:: Dataset extract ::
------------------------------------
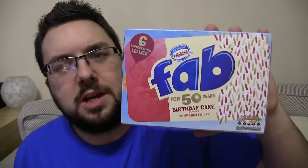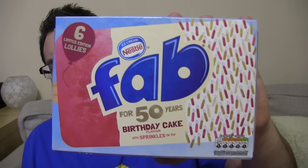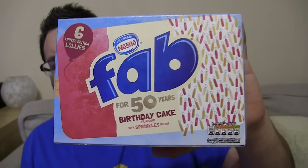Hello everyone and welcome to Food Review UK, my name is MJ and today we are reviewing an amazing product. This is very exciting — I would say this is fab birthday cake flavour, celebrating their 50 years of being a thing.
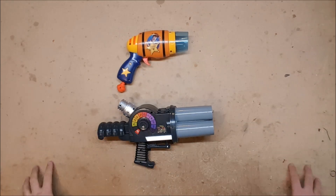That's it for this week. Tune in next week when we will be covering a pair of superhero themed blasters. Thank you for watching.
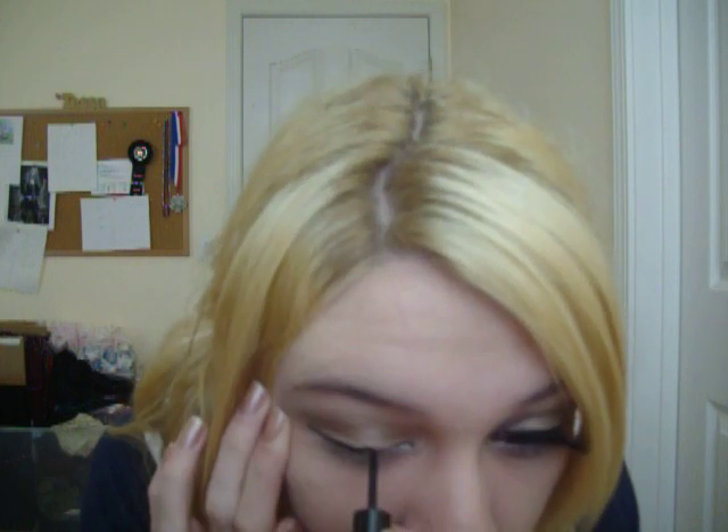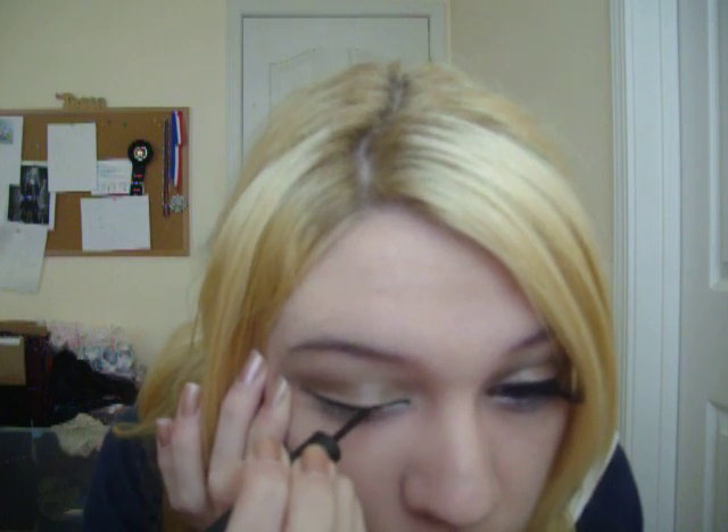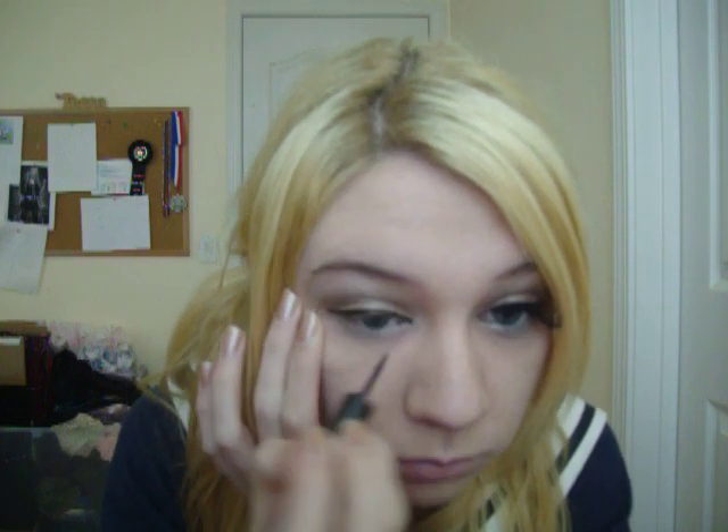Take your liquid liner — a very thin line like that, nothing too much. And clean out whatever faded downwards to your eye. And then if you have to, reapply the white to the bottom, because sometimes it'll sit in the corners like that. Add your mascara only on the top.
------------------------------------
:: What is expected ::
Every line of the data should be copied as it stands, without the images.

:: Reply to the exercise ::
Hello everyone and welcome to Food Review UK, my name is MJ and today we are reviewing an amazing product. This is very exciting — I would say this is fab birthday cake flavour, celebrating their 50 years of being a thing.
That's it for this week. Tune in next week when we will be covering a pair of superhero themed blasters. Thank you for watching.
Take your liquid liner — a very thin line like that, nothing too much. And clean out whatever faded downwards to your eye. And then if you have to, reapply the white to the bottom, because sometimes it'll sit in the corners like that. Add your mascara only on the top.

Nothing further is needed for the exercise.